一般的なカメラで撮影した場合、太陽光や室内照明などの反射強度に応じて濃淡をつけた可視光画像に静脈情報が含まれている。しかし、静脈が体内に存在するため、生体を透過できる近赤外光を用いた専用センサーほど鮮明ではないという。
そこで、これまでの手のひら静脈認証の研究で培ってきた知見と、光の波長によって異なる手のひらの反射・浸透の特性を利用して、静脈パターンを強調する波長分解・分析を行ない、複数撮影した手のひらの位置をトラッキングしながら画像を加算平均する累積加算処理を行なうことで、静脈パターンを鮮明化する技術を開発した。この技術により可視光画像から鮮明な静脈パターンを抽出できるようになった。
一般的なカメラと専用センサーの画像では、撮影される画像の範囲に差異があるため、照合精度が低下することがある。
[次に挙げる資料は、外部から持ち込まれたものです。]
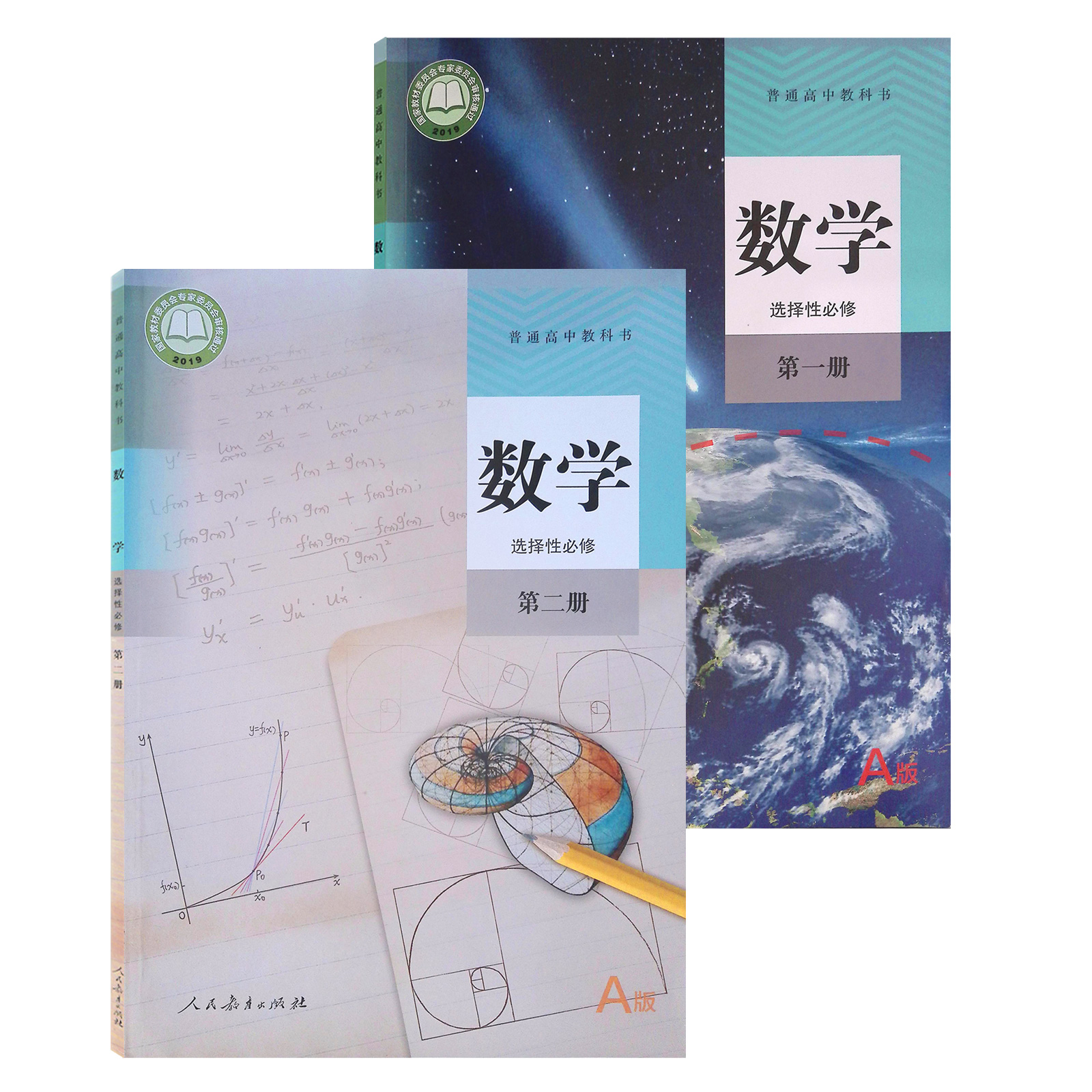 2024适用高中数学教材全套五本装人教a版高中数学书课本A版必修一二选择性必修1/2/3教材教科书人民教育出版社人教版数学教材高中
そこで、スマホの画像を専用センサの撮影画像の範囲に合うように近づける画像補正技術を開発し、精度よく静脈パターンを照合できるようにした。
また、画像認識AI技術で撮影した画像から手のひらの姿勢を推定し、適切な位置・傾きになるように誘導する機能を加えることで、スマホを片手に持ち、もう一方の手のひらを撮影する場合でも専用センサーと同じように安定した位置関係で手のひら静脈パターンを撮影することを可能にした。
一般的なカメラで撮影した手のひらの画像から抽出した静脈パターンと、専用センサーで取得した静脈パターンの照合を実現することで、自宅でスマホから手のひら静脈情報を事前登録するという応用が可能になる。本技術により、手のひら静脈認証サービスの幅が大きく広がることが期待できるという。